The data disk has prevent_destroy = true and is reattached; cloud-init re-bootstraps the stack against the existing data. The static IP is preserved, so DNS keeps working.

Persistent disk is corrupted or accidentally deleted

  1. (If still present and corrupt) remove prevent_destroy from google_compute_disk.forgejo_data, then terraform apply to destroy and recreate.

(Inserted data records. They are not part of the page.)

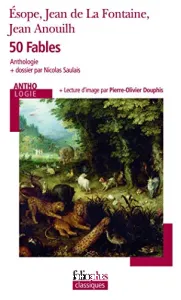 50 Fables - Esope, Jean de La Fontaine, Jean Anouilh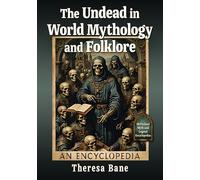The Undead in World Mythology and Folklore: An Encyclopedia (McFarland Myth and Legend Encyclopedias)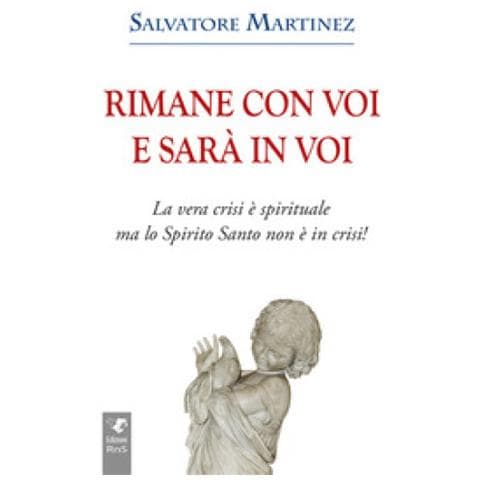Salvatore Martinez - Rimane Con Voi E Sarà In Voi. La Vera Crisi È Spirituale, Ma Lo Spirito Santo Non È In Crisi. Ediz. Integrale - Foto 2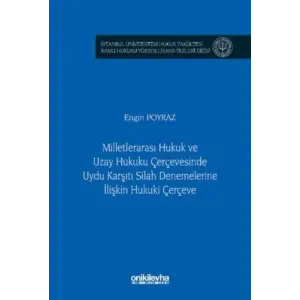 Milletleraras? Hukuk ve Uzay Hukuku ?er?evesinde Uydu Kar??t? Silah Denemelerine ?li?kin Hukuki ?er?eve [Unbound] [Nov 14, 2024] Engin Poyraz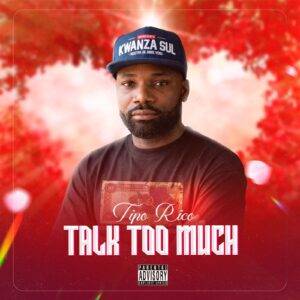 Tipo Rico - Talk Too Much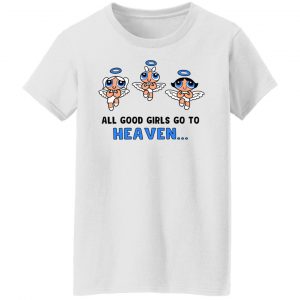 Powerpuff Girls Cancun Novelty All Good Girls Go To Heaven T-Shirts, Hoodies, Sweater 5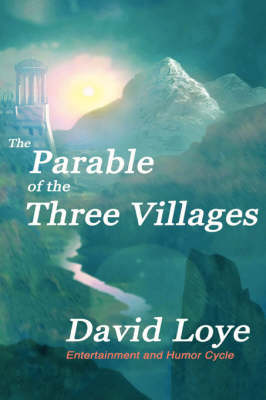 Book cover for The Parable of the Three Villages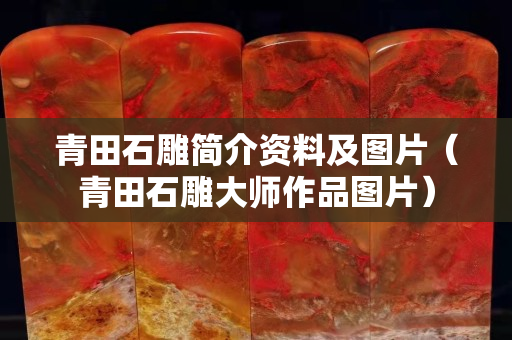 青田石雕簡介資料及圖片（青田石雕大師作品圖片）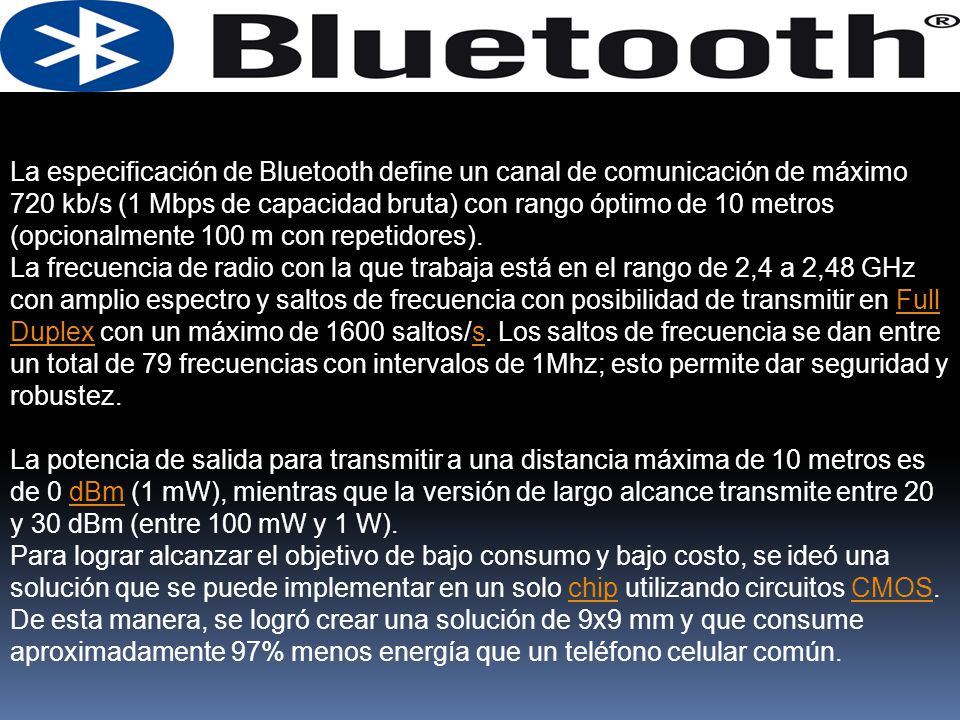 La especificación de Bluetooth define un canal de comunicación de máximo 720 kb/s (1 Mbps de capacidad bruta) con rango óptimo de 10 metros (opcionalmente 100 m con repetidores).
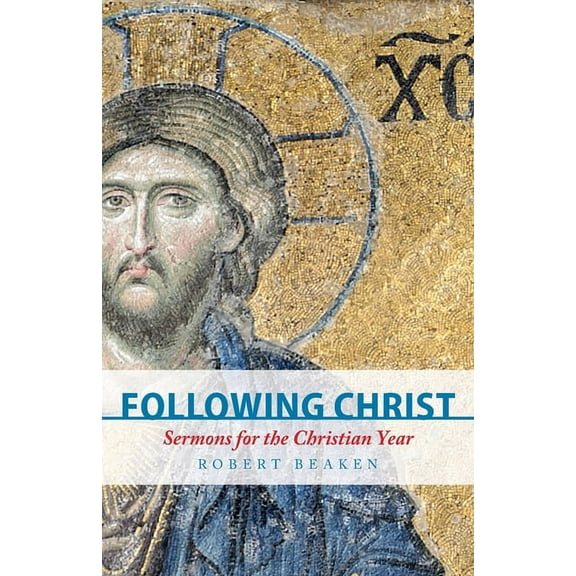 Following Christ: Sermons for the Christian Year (Paperback)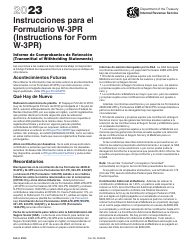 Document preview: Instrucciones para IRS Formulario W-3PR Informe De Comprobantes De Retencion (Puerto Rican Spanish), 2023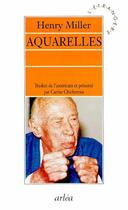 Couverture du livre « Aquarelles » de Henry Miller aux éditions Arlea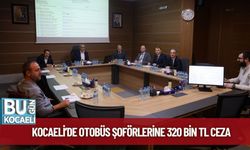 Kocaeli’de Otobüs Şoförlerine 320 Bin TL Ceza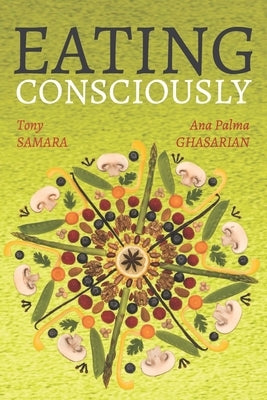 Eating consciously by Ghasarian, Ana Palma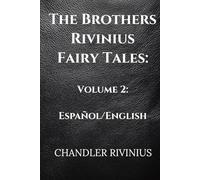 The Brothers Rivinius Fairy Tales: Volume 2: Español/English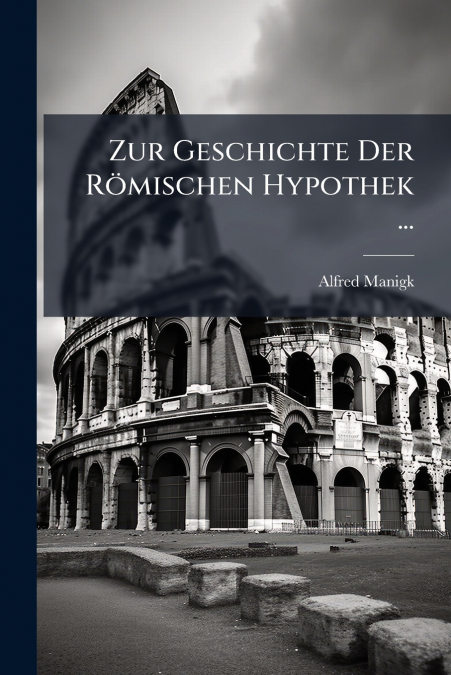 Zur Geschichte Der Römischen Hypothek ...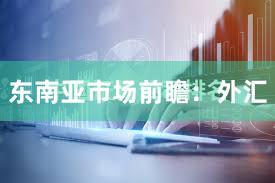 东南亚市场前瞻：外汇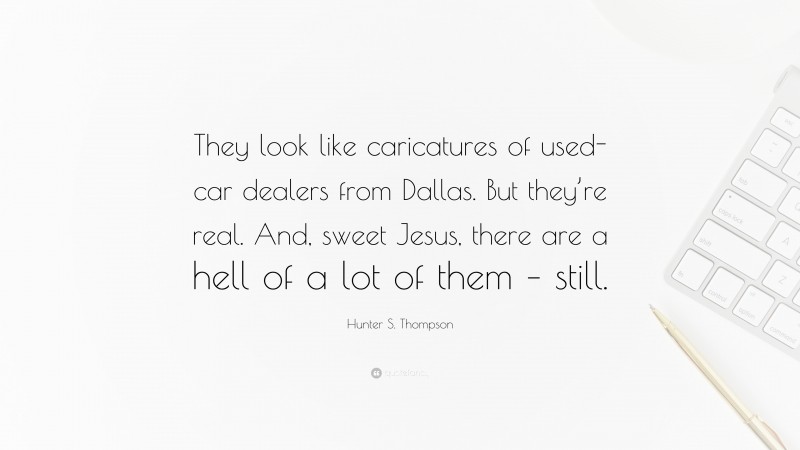 Hunter S. Thompson Quote: “They look like caricatures of used-car dealers from Dallas. But they’re real. And, sweet Jesus, there are a hell of a lot of them – still.”
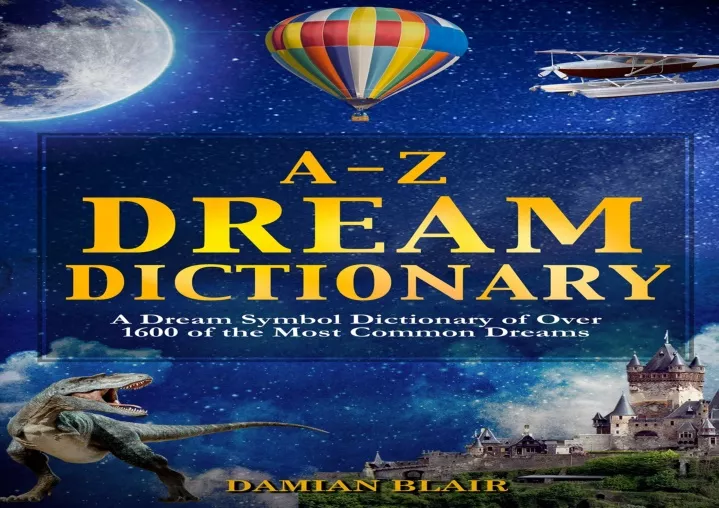 PPT PDF A Z Dream Dictionary A Dream Symbol Dictionary Of Over   Pdf A Z Dream Dictionary A Dream Symbol N 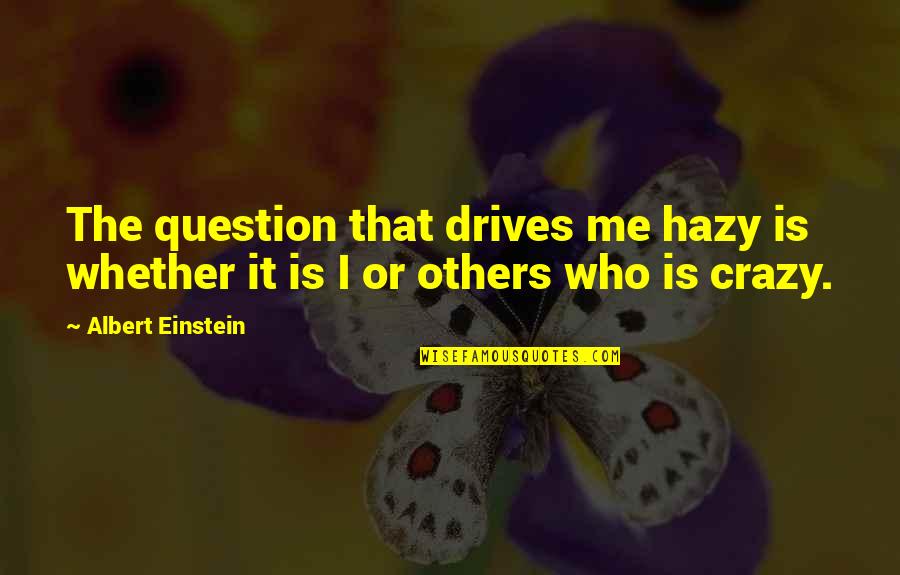 Hazy Quotes By Albert Einstein: The question that drives me hazy is whether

Re-add prevent_destroy immediately afterward.
  2. SSH to the VM.
  3. sudo /var/lib/forgejo/restore.sh <latest-backup>.tar.gz — restores from GCS into the fresh disk.

Whole GCP project is lost

Worst case, but recoverable from GCS-side backups if you copied them out before deleting the project.

  1. Before deleting the old project: copy the latest backup to durable storage you control.
    gsutil cp gs://OLD_PROJECT-forgejo-backups/forgejo-LATEST.tar.gz ~/Backups/
    
  2. Create a new GCP project, enable APIs.
  3. ./scripts/bootstrap-secrets.sh — this generates new SECRET_KEY and INTERNAL_TOKEN. If you saved the originals to a password manager, manually upload those instead so encrypted DB fields survive (see below).
  4. Update project_id in terraform.tfvars.
  5. terraform apply.
  6. Upload the saved tarball to the new bucket: gsutil cp ~/Backups/forgejo-LATEST.tar.gz gs://NEW_PROJECT-forgejo-backups/.
  7. SSH to the VM and run restore.sh.

Preserving SECRET_KEY across projects

Forgejo uses SECRET_KEY to encrypt some DB fields (2FA tokens, OAuth tokens, mirror credentials). Rotating it leaves repos and accounts intact but breaks those features.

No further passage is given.